I pose a question asking what must happen given that there is no functionless precursors (sorry for the double negative) in other words a function is assumed in all precursors on the path from common precursor to FlgE and its homologs. You then say my question assumes the precursor must be functionless. You must have read me wrong.

Ah, the fallacy of never-enough-detail. The underhanded creationist takes refuge here because he knows that biologists have neither the resources nor the inclination to reverse engineer a pathway for every feature.
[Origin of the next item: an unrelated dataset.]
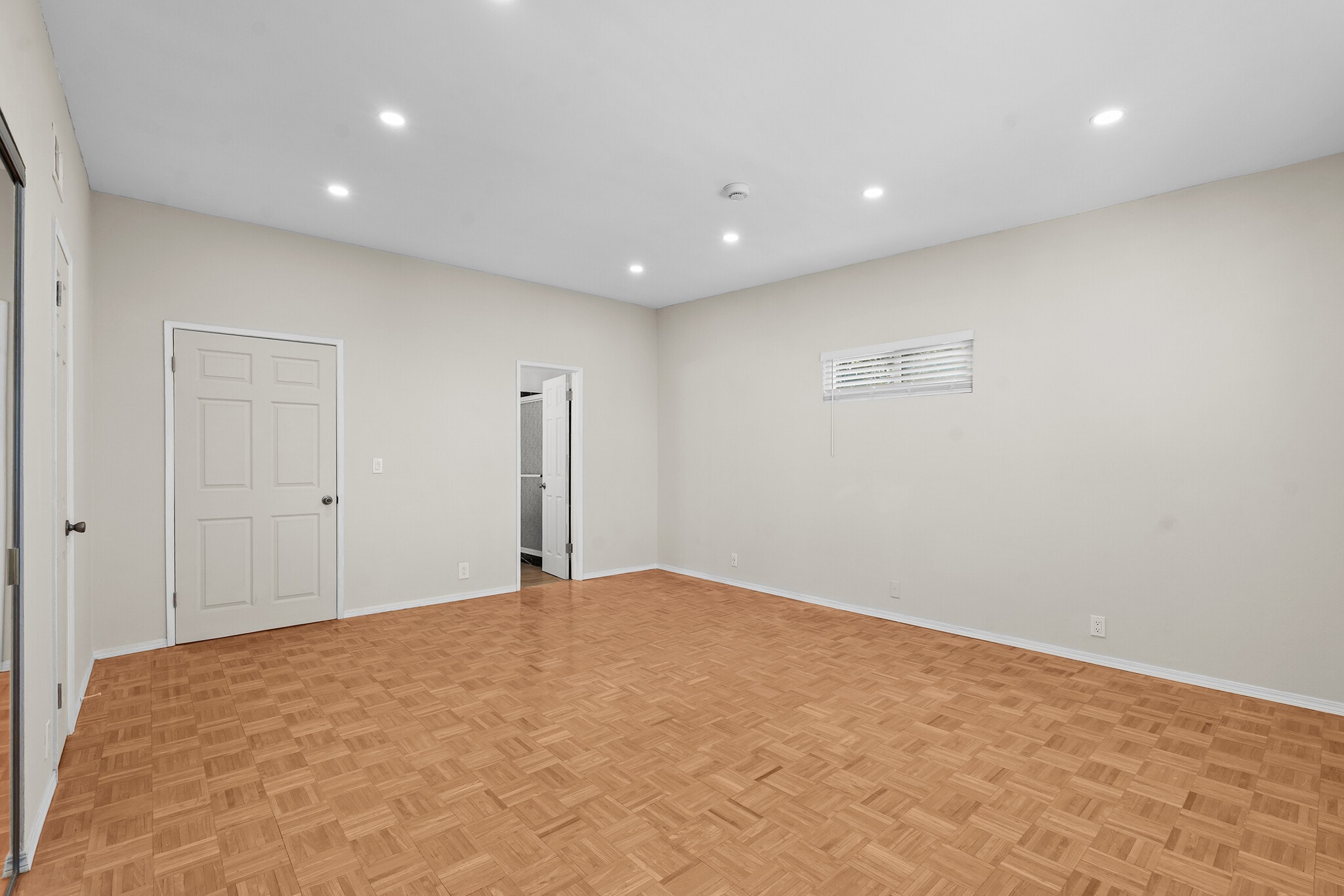 Building Photo - 1559 Winona Blvd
Moreover, they have absolutely no intention of doing so every time a creationist issues a poorly-considered challenge.

But I'm not asking for a suggested pathway for every feature, just for FlgE. As homology is so prominant in Matzke's proposed flagellar evolution, surely he could look into the details of just one pathway as an example.
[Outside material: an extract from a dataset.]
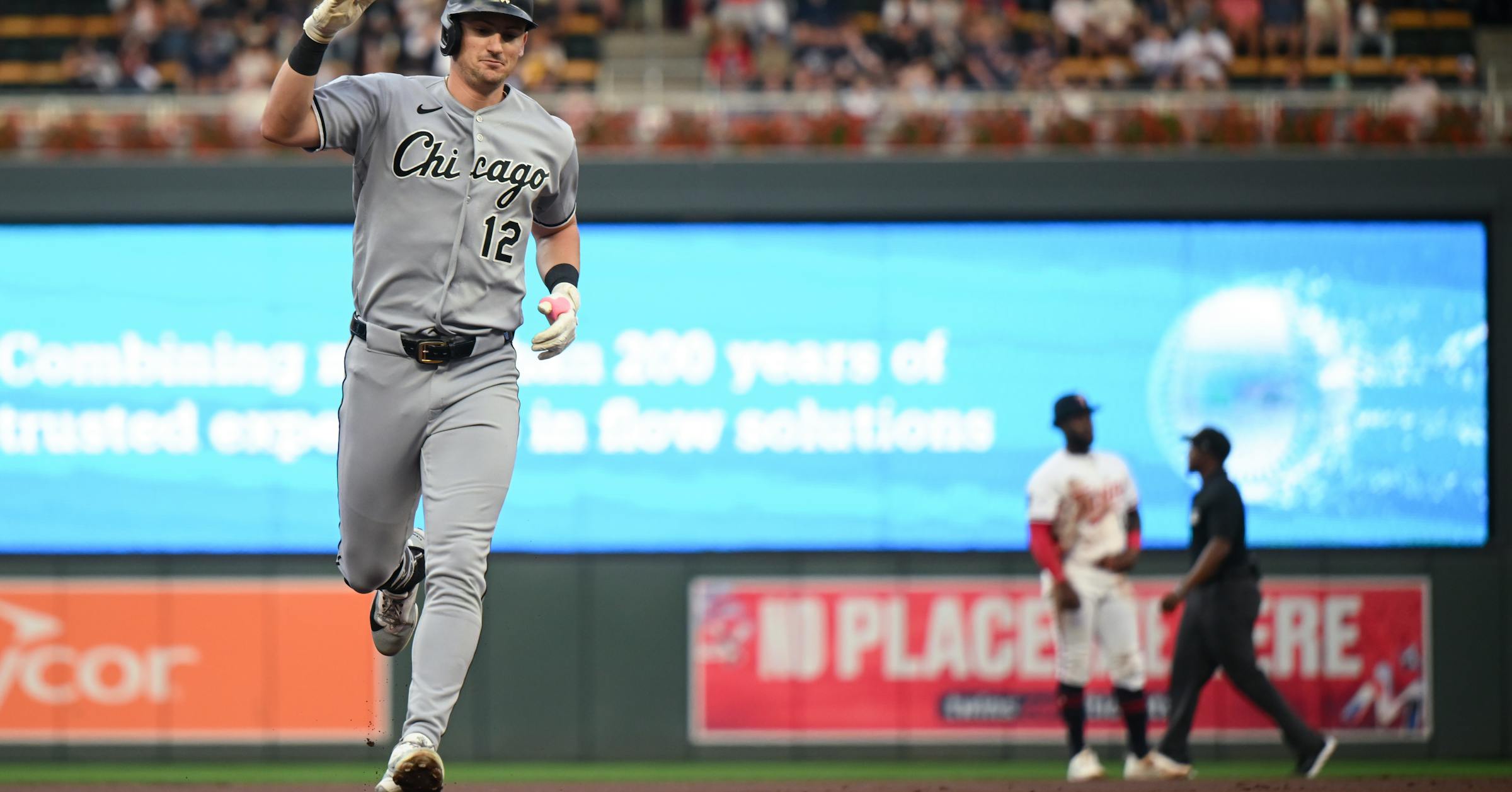 Twins Overcome Deficit to Beat White Sox 6-4 Behind Late Surge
We cannot go back in time and witness events at the molecular scale, and because we can't do that... that's where the designer is hiding.
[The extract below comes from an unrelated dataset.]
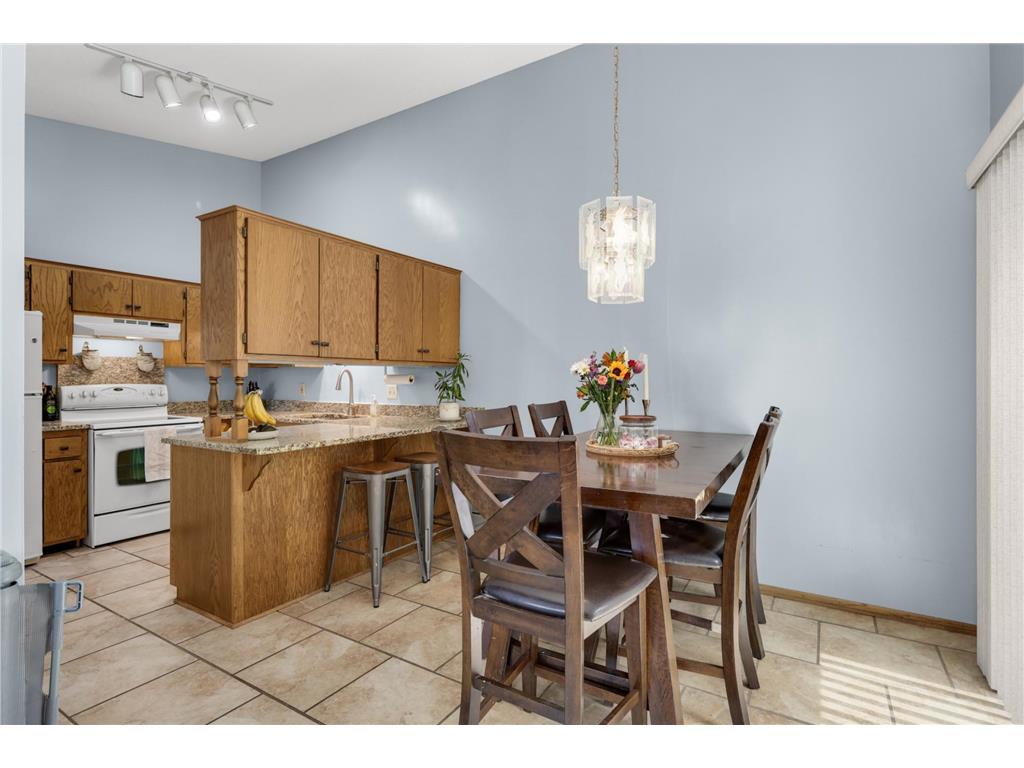 7654 12th Street N Oakdale MN 55128 7085225 image9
You said it yourself, we cannot go back and witness these events. So to state that FlgE and its homologs developed from an unknown precursor through the selection of unguided random events is unfalsifiable and therefore not science as most here see it.

I wrote:
And there is no evidence whatsoever of a pre-existing universal joint being co-opted and slotted into place in the drive train.

Rumraket replied:
Which is not the proposed model and therefore a strawman.

I never said it was the proposed model. I was clarifying that, unlike the TTSS, the hook is not available to be co-opted from elsewhere and so it would seem that it appeared due to the modification of a pre-existing protein. The question is, was the route taken guided or fortuitous? Most people here would say that it was fortuitous but no one has gone into what amino acid changes would need to occur for this to happen. We know the amino acid sequences of FligE and its homologs so we know the sequence differences. Several of these differences will have a minor or no effect in the function of the protein but there will be a vital few which make all the difference. Steps of single amino acid changes along the path are not going to result in a functional protein for every step. So in order to retain functionality, multiple amino acid changes will have to occur together. And changes will have been co-ordinated between the hook protein and related proteins such as hook associated proteins and regulators in order to retain a functioning unit. All this reduces the plausibility of chance events being the cause of the change into a functional universal joint.

Hotshoe writes about the hook:
our perception of the "hook" is colored by the very word itself.

Well mine isn't when I consider the flagellar hook. As far as I'm concerned a hook is a far more simple structure than a universal joint and so the term 'hook' doesn't do justice to the joint in question.

A few evolutionary facts have been given which I presume are supposed to argue against my position. The ones I can recall are:
A monkeyflower turning into a monkeyflower, a peppered moth turning into a peppered moth and hydrogen producing bacteria turning into hydrogen producing bacteria. I have no problem with these examples of evolution.